# EXERCISE PROMPT:
Start at the line with "Badezimmerschrank, Hängeschrank mit" in the records below, stop at the line with "Concepts and Categories", and return every line in that span exactly, the two end lines included.

Start of DATA PROVIDED

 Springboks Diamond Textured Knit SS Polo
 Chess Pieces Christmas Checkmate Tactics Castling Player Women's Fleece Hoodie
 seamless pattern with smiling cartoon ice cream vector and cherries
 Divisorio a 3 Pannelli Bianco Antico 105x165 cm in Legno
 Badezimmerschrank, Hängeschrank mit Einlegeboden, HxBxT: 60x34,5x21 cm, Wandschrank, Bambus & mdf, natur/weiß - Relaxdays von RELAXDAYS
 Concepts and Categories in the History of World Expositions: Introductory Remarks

End of DATA PROVIDED
Start of DATA PROVIDED

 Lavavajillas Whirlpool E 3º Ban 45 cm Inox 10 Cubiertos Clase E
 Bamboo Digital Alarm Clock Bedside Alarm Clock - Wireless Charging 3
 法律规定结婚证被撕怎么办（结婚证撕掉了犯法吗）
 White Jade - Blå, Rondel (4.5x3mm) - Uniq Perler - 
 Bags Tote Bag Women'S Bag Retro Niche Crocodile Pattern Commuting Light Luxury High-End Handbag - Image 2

End of DATA PROVIDED

# SOLUTION:
 Badezimmerschrank, Hängeschrank mit Einlegeboden, HxBxT: 60x34,5x21 cm, Wandschrank, Bambus & mdf, natur/weiß - Relaxdays von RELAXDAYS
 Concepts and Categories in the History of World Expositions: Introductory Remarks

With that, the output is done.